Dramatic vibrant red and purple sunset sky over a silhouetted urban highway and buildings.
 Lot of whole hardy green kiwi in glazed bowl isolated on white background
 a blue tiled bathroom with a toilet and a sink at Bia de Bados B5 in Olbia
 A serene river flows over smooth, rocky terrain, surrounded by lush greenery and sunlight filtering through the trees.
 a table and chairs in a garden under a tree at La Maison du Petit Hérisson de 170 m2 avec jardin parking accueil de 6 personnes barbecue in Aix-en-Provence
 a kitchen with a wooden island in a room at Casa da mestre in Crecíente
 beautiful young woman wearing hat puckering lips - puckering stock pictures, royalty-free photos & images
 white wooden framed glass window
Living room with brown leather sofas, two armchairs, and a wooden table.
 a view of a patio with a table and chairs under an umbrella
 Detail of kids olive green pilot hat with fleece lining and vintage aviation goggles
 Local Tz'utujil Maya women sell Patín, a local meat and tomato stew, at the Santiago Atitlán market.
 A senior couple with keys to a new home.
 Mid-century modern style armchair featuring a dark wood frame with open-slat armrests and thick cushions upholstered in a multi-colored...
++++
» **What you are asked to do**
When you reach the end of the data, retype all of it exactly.

» **Answer box**
Dramatic vibrant red and purple sunset sky over a silhouetted urban highway and buildings.
 Lot of whole hardy green kiwi in glazed bowl isolated on white background
 a blue tiled bathroom with a toilet and a sink at Bia de Bados B5 in Olbia
 A serene river flows over smooth, rocky terrain, surrounded by lush greenery and sunlight filtering through the trees.
 a table and chairs in a garden under a tree at La Maison du Petit Hérisson de 170 m2 avec jardin parking accueil de 6 personnes barbecue in Aix-en-Provence
 a kitchen with a wooden island in a room at Casa da mestre in Crecíente
 beautiful young woman wearing hat puckering lips - puckering stock pictures, royalty-free photos & images
 white wooden framed glass window
Living room with brown leather sofas, two armchairs, and a wooden table.
 a view of a patio with a table and chairs under an umbrella
 Detail of kids olive green pilot hat with fleece lining and vintage aviation goggles
 Local Tz'utujil Maya women sell Patín, a local meat and tomato stew, at the Santiago Atitlán market.
 A senior couple with keys to a new home.
 Mid-century modern style armchair featuring a dark wood frame with open-slat armrests and thick cushions upholstered in a multi-colored...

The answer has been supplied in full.